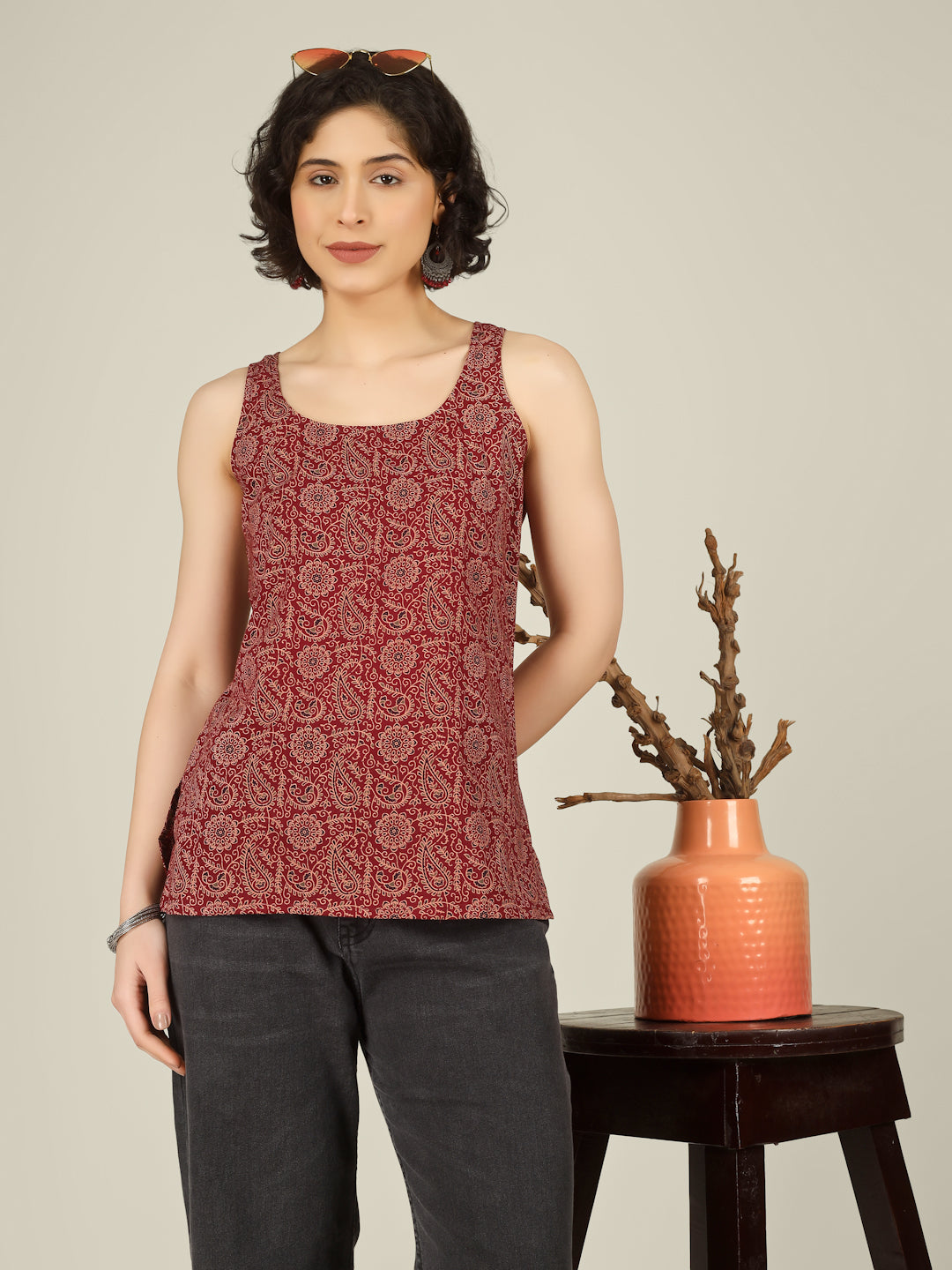 Maroon Printed Round Neck Sleeveless Cotton Top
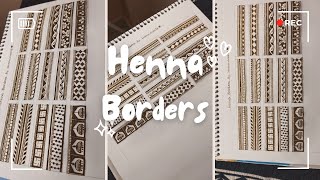 Easy Henna borders| 6 simple henna borders #hennadesignsforbeginnersstepbystep #mehndi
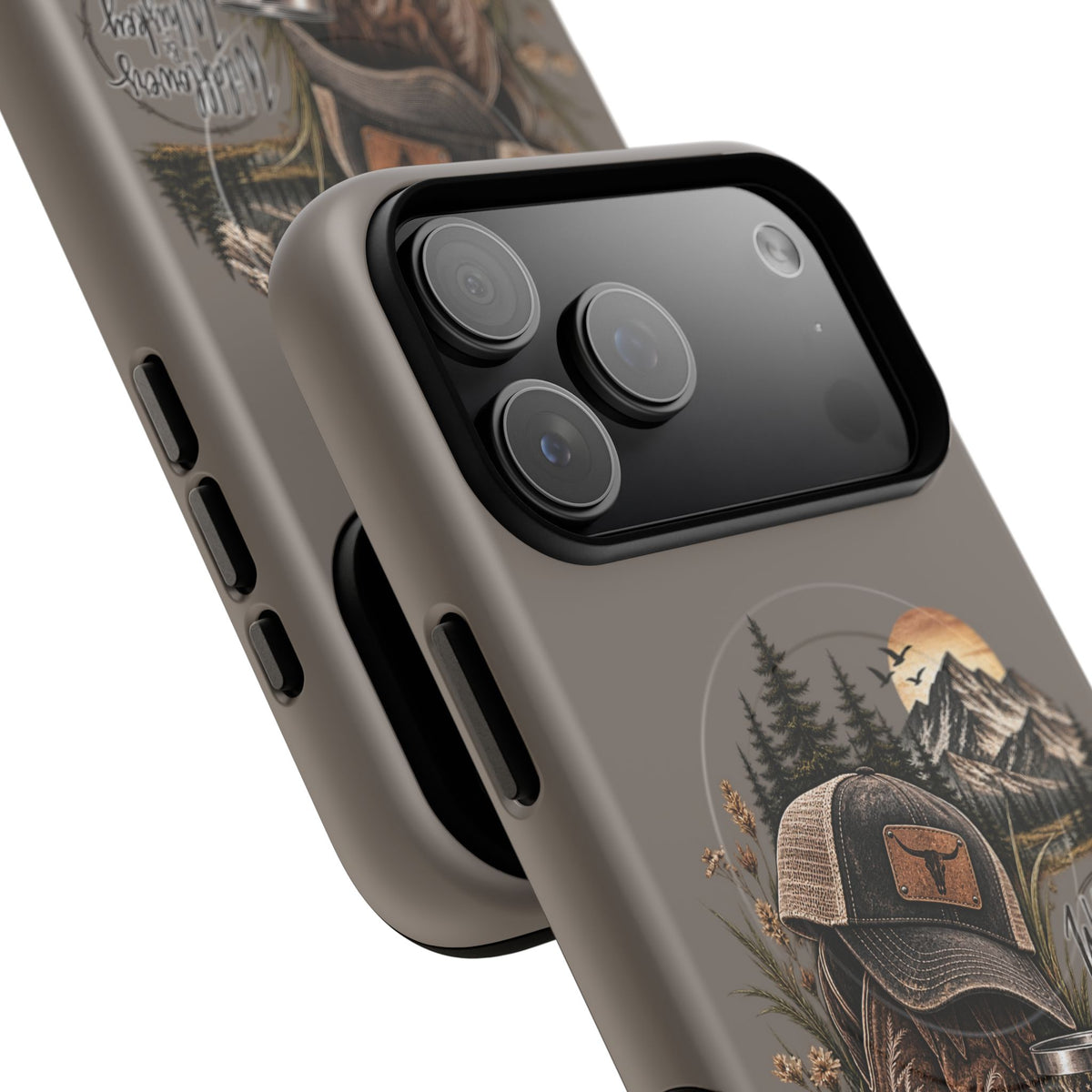 Country Western Phone Case — Boots, Cap & Mountain Graphic Tough Magnetic Case IPhone 18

REQUIRED ACTION -
What you return should be the exact lines from the one containing "Easy Henna borders|" through the end of the listing above, both included, minus any pictures.

SOLUTION TO THIS PROBLEM -
 Easy Henna borders| 6 simple henna borders #hennadesignsforbeginnersstepbystep #mehndi
 Country Western Phone Case — Boots, Cap & Mountain Graphic Tough Magnetic Case IPhone 18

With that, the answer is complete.